One wonders if the publication of the cartoon will result in Notre Dame, its students, and its faculty taking a good hard look at where the roots of bias crimes really lie.

Or, will they strive to "put this behind" them? Will they make all the right PR noises, engage in some limited "sensitivity training" and then "move on?"

I'm afraid it's probably the latter. Catholic institutions seem to be manifestly unwilling to engage in any sort of serious self-examination these days, especially as regards how their "policies" might affect society and the world at large. Even worse, they are reluctant to look at how their underlying attitudes shape policy...especially when those underlying attitudes are simply "hate" by another name.

When misogyny, homophobia, and racism begin to shape doctrine, we're in trouble. When such doctrine begets things like a cartoon promoting hate crime at what is perhaps the most prestigious Catholic academic institution in the world, this is not "pro-life" it is "pro-death."

A stupid student prank -

A stupid student prank - which the University and the student population rebuked swiftly and vigorously.

I, too, am horrified.
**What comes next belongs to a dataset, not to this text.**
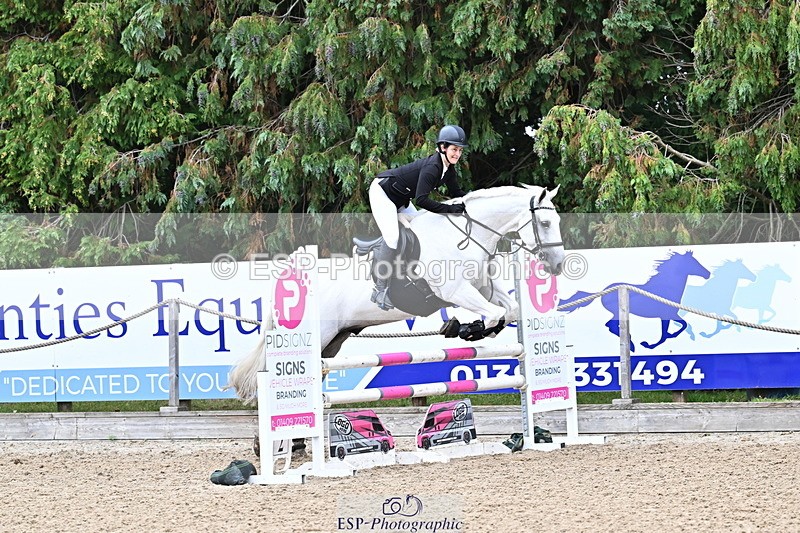 250830A-125501-06110 - Cls 22 95cm Amateur Quali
It is

I, too, am horrified. It is stunning to consider how many eyes saw that cartoon, how many hands touched it, how many brains prcoessed it............and, still, that throwback, beyond-the-pale, overtly hateful and violent cartoon made it to press. I imagine gay students, faculty and staff all over that campus experiencing chills racing down their backs when they discovered the cartoon in their campus paper: what does and would it mean for their safety - physical, emotional, spiritual - on campus?

if this was a "mistake", a reflection of immature understandings of provocative editorial cartoons and humor and NOT considered hate speech, then Notre Dame needs to look seriously at the journalistic education its students receive so that they develop greater maturity and skill in their published.

i don't know about expulsion...i would make a list of every single person who saw, touched, heard, smelled that cartoon prior to publication and require for graduation and continued participation in the paper a serious and semester-long remedial course addressing the various isses involved.